Una veintena larga de personas emprendemos la bajada a la playa fluvial, aula natural en la que se desarrollan las actividades previstas.
Tras presentar Ismael la asociación VoluntaRíos, inicia una breve relación de conceptos tales como "Río Natural", "Cadena Trófica", "Dinámica Fluvial" y "Corredores biológicos y ecológicos", relación imprescindible para entender el resto de la exposición.
Y, enseguida, a la orilla del río a capturar macroinvertebrados (los tropezones de esa sopa nutricional que es un río sano) y a observarlos con ayuda de la lupa adecuada. Mientras los más pequeños asoman sus cabecitas al curioso tesoro contenido en la cubeta, Ismael describe las características de esta fauna ayudado por una de sus láminas.
Y de macroinvertebrados (no haremos ningun chiste fácil con los zapateros; no vaya a ser que me multen) a ESPECIES INVASORAS. La tortuga de Florida, el cangrejo americano, el siluro, la gracieta de los alemanes con los castores y, por supuesto, el mejillón cebra.
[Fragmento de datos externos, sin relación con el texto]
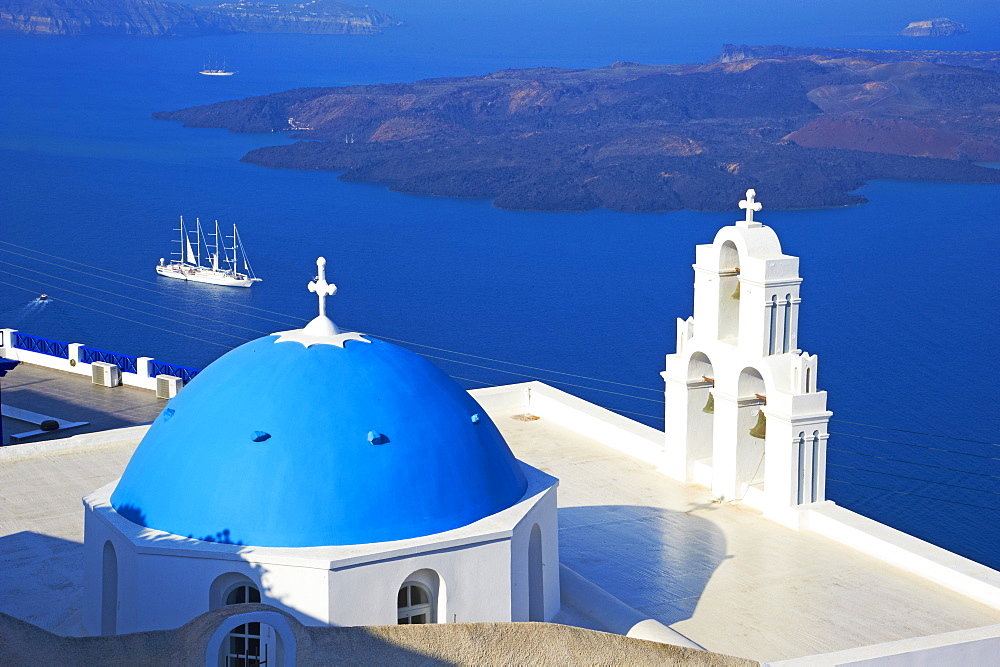 Church with blue dome overlooking the Aegean, Fira, Thira, Santorini, Cyclades, Greek Islands, Greece, Europe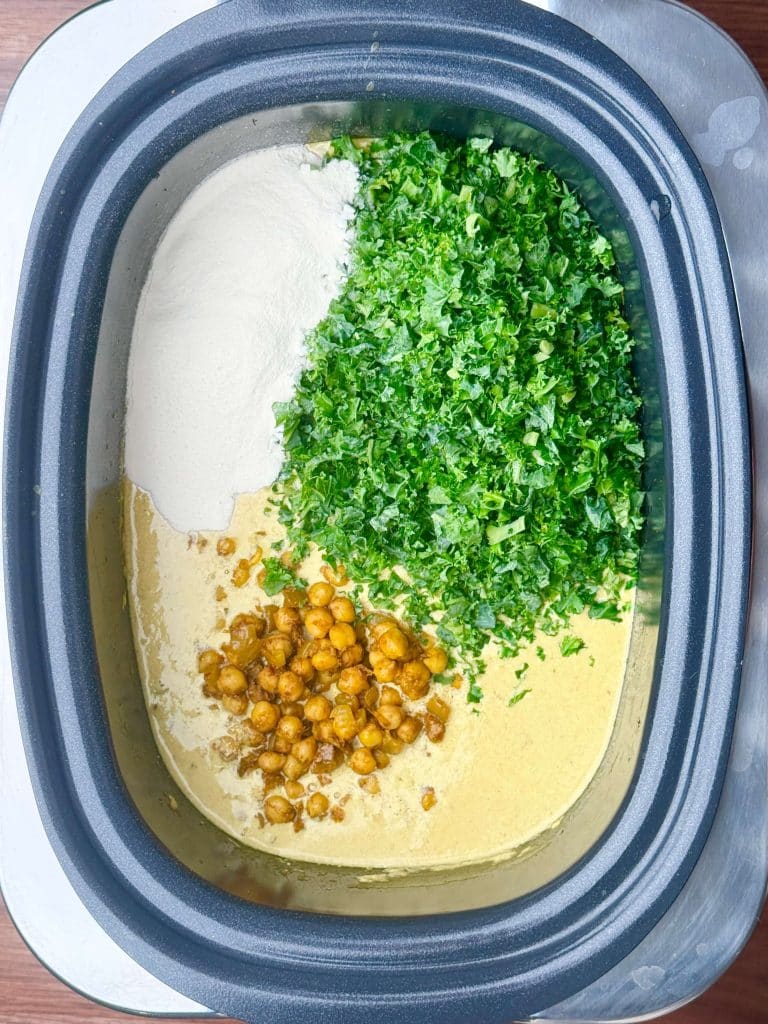 Slow cooker spiced chickpea stew with kale, coconut milk, and chickpeas before stirring together.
Al último dedicará buena parte de su tiempo Ismael quien no sólo incidirá en la amenaza biológica que representa sino también en la catástrofe económica inmediata, dada su capacidad para colonizar canalizaciones y obstruir filtros de conducciones.
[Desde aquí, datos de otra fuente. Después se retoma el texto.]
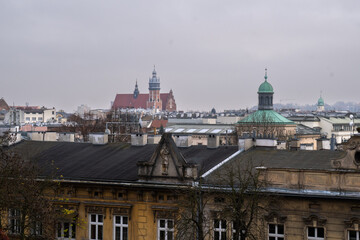 Naklejka premium Krakow cityscape featuring historic buildings and domes under a cloudy sky.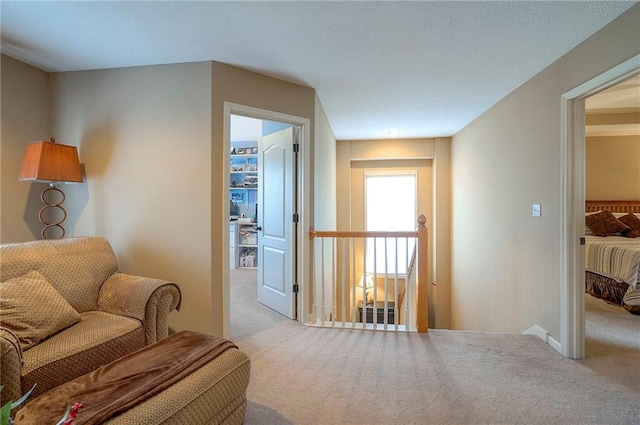 1105 Blazing Star Dr, Lees Summit, MO 64081 - living area with carpet and an upstairs landing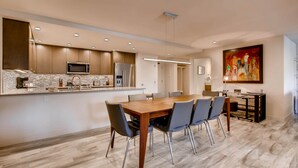 Une cuisine moderne dotée d’un îlot central, d’appareils électroménagers intégrés et d’un coin repas avec une table et des chaises en bois.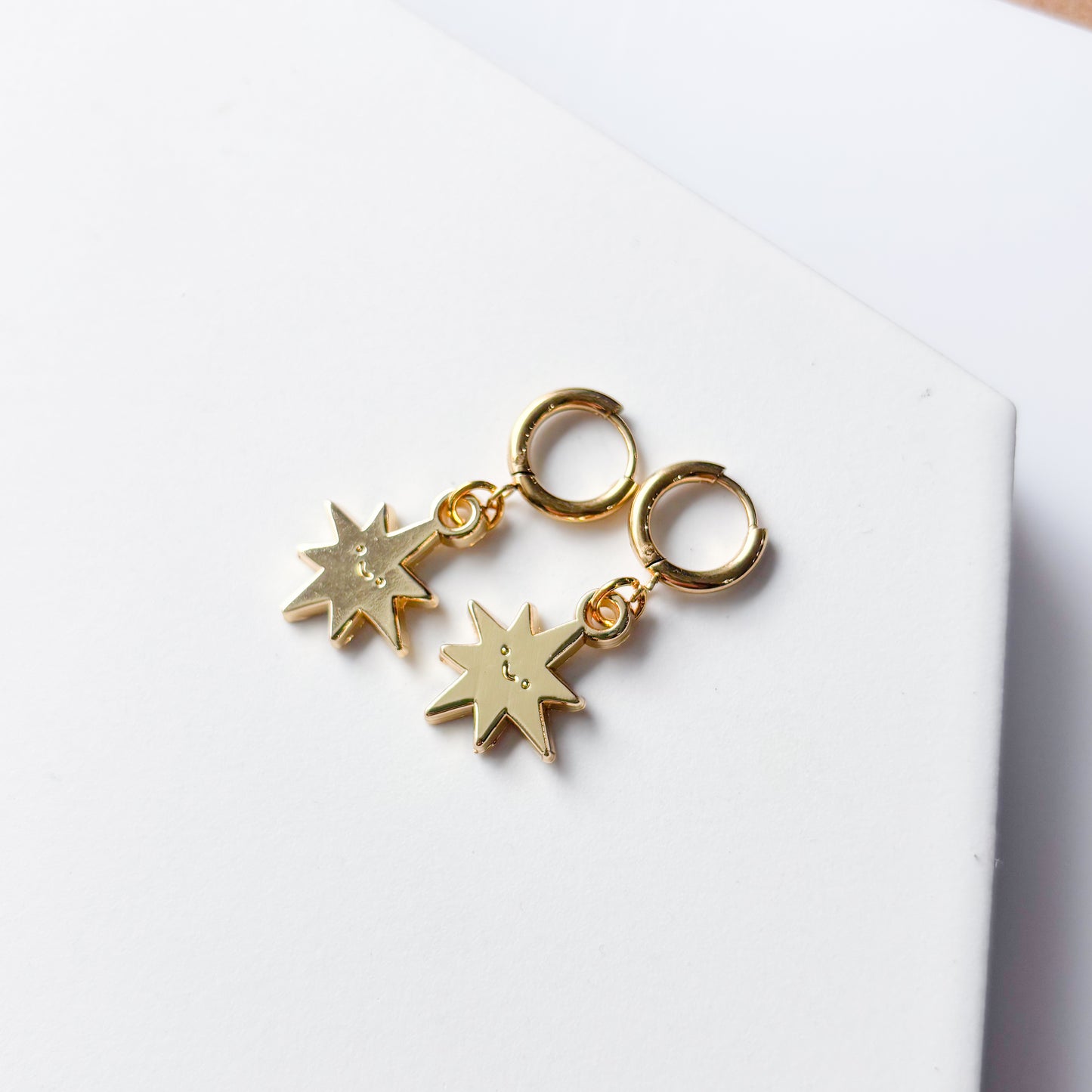 SMILING SPIKY STAR METAL HUGGIE HOOP EARRINGS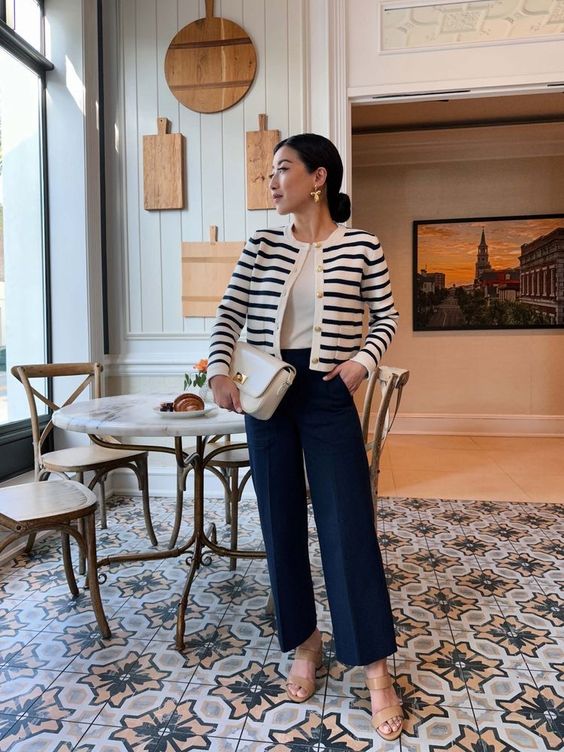 a classic old money outfit with a white t-shirt, a striped cardigan, navy pants, tan shoes and a small white bag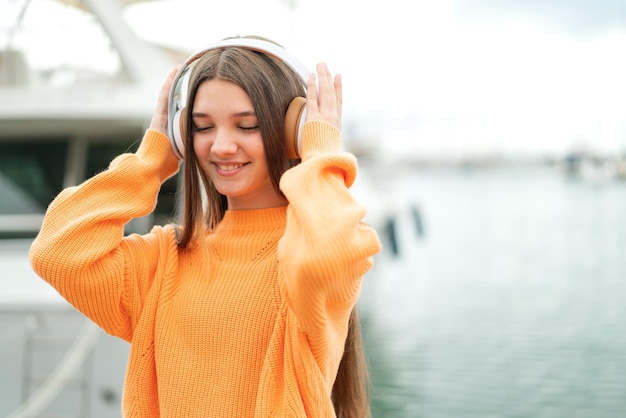 Teenager girl at outdoors listening music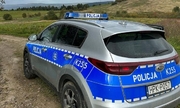 radiowóz policyjny stoi na polnej drodze, w tle wzniesienia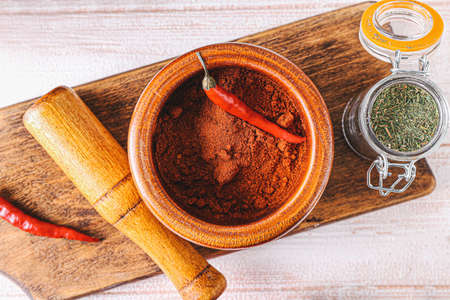 Mortar with chili pepper powder and pestle on light wooden backgroundの写真素材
Y del mejillón cebra, a las almejas de agua dulce autóctonas, prestando una muy especial atención a la "margaritífera auricularia", especie en inminente peligro de extinción entre otras cosas porque, para su desarrollo completo precisa en una etapa inicial el concurso del pez fraile (salaria fluviatilis; también llamado Blenio) a cuyas branquias se adhiere.
Pues bien, este pez no está tan extendido como antes, se ha visto comprometida su supervivencia por desecaciones y proliferación de especies invasoras y, además, su cría en cautividad no parece dar los resultados deseados. ¿Conclusiones? Evidentes. La espectacular margaritífera en más que obvio riesgo de desaparición.